Удивляясь такому странному возбужденному состоянию всегда спокойного и уравновешенного отца, она прошла к себе в комнату, села на диван и принялась читать книгу далеко не похожую на те, которые ей приходилось читать раньше, в которой каждая строчка ошарашивала своими выводами, новыми и не всегда понятными Рите.
Через час ее позвали к чаю, за столом она встретилась с отцом, который, будучи, очевидно, в превосходном состоянии духа, крепко поцеловал ее в лоб и спросил, как всегда:
— Ну, как ты себя чувствуешь?
— Хорошо, — улыбнулась Рита. — Отчего бы мне плохо чувствовать?
— Ну вот, ну вот, — обрадованно заговорил ее отец, с аппетитом проглатывая бутерброд и запивая его крепким чаем. — Я очень рад. Вообще сегодня такой замечательный день. Ты знаешь, Риточка, мы сегодня получили приятное сообщение, очень приятное: у губернатора как гора с плеч свалилась. Знаешь про этого?.. Про разбойника Лбова?
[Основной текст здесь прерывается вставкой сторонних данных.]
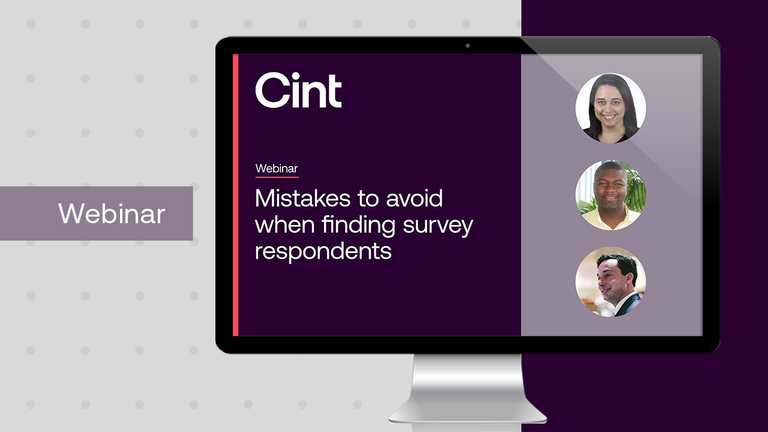 Webinar: Mistakes to avoid when finding survey respondents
— Ну, — полушепотом переспросила Рита, отодвигая стакан и чувствуя, как серебристый блеск бисерной бахромы от лампы засыпает ей глаза стеклянными искрами.
— Ты знаешь, мы только что получили сообщение из Вятки, что он наконец арестован… но что, что с тобой?
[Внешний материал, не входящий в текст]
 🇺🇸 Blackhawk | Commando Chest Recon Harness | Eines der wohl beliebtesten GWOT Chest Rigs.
— Ничего, — резко и вздрагивая ответила Рита. — Ничего. — А серебряная ложечка в ее руке, точно ожившая, начала перегибаться и плясать, крепко стиснутая ее тонкими, сильными пальцами.
— Рита! — испуганно крикнул ее отец. — Рита, что с тобой?
Рита ничего не сказала, встала, шатаясь, пошла к двери своей комнаты, зацепила столик с огромной китайской вазой, и ваза с грохотом полетела на пол, и мелкие осколки разлетелись по паркетному полу. Рита захлопнула за собой дверь, заперла ее на ключ и, бросившись на диван, истерически разрыдалась.
Это были не просто слезы, слез было совсем мало, — была петля, крепко окутавшая ее, сдавившая горло, жадно тянущееся к воздуху, был туман, плескавшийся в глаза, был судорожный зажим пальцев, пытающихся разорвать кольцо, крепко стягивающееся вокруг нее, но кольцо было неуловимо, оно не рвалось, и только ворох платья, только кружевные девичьи подушки измочаливались и нарастали на кровати белой лоскутной пеной.